[Web page caption snippets]
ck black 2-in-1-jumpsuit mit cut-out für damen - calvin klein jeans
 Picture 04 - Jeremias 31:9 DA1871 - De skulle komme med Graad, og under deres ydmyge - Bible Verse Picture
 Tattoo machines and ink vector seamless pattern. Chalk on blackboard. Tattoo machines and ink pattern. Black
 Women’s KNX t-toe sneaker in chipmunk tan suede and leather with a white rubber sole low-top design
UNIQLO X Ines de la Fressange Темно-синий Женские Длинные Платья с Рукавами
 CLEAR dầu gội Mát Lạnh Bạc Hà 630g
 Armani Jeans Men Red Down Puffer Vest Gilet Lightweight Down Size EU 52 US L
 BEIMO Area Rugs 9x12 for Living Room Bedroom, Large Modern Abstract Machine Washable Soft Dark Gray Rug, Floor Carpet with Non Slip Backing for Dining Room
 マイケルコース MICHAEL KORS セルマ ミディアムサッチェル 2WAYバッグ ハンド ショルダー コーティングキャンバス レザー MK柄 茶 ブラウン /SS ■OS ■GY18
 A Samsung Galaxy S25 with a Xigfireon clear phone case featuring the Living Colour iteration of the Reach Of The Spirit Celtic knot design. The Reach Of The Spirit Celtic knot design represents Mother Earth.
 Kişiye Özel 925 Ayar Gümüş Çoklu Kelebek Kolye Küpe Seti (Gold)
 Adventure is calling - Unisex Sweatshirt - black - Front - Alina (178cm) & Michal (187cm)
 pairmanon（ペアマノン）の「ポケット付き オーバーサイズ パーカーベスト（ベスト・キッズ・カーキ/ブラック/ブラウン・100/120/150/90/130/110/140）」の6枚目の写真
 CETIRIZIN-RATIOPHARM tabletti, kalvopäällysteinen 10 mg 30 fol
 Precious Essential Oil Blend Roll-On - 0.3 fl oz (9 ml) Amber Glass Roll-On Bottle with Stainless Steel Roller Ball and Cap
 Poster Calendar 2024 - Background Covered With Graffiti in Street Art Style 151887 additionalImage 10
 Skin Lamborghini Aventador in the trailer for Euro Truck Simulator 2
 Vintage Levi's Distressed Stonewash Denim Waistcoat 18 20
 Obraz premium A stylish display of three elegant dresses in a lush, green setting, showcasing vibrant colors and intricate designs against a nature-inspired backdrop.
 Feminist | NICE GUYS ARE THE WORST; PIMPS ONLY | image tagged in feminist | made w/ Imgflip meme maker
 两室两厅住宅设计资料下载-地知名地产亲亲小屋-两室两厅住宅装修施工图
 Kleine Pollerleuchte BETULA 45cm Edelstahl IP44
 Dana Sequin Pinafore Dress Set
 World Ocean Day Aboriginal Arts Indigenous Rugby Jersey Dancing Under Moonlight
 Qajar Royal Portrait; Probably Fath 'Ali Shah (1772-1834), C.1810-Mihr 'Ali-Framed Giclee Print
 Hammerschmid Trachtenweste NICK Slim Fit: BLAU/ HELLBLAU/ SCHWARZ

:: WHAT THE TASK ASKS ::
Copy out the range of lines above starting at the line with "Armani Jeans Men" and ending at the line with "A Samsung Galaxy", exactly and including both.

:: EXERCISE ANSWER ::
 Armani Jeans Men Red Down Puffer Vest Gilet Lightweight Down Size EU 52 US L
 BEIMO Area Rugs 9x12 for Living Room Bedroom, Large Modern Abstract Machine Washable Soft Dark Gray Rug, Floor Carpet with Non Slip Backing for Dining Room
 マイケルコース MICHAEL KORS セルマ ミディアムサッチェル 2WAYバッグ ハンド ショルダー コーティングキャンバス レザー MK柄 茶 ブラウン /SS ■OS ■GY18
 A Samsung Galaxy S25 with a Xigfireon clear phone case featuring the Living Colour iteration of the Reach Of The Spirit Celtic knot design. The Reach Of The Spirit Celtic knot design represents Mother Earth.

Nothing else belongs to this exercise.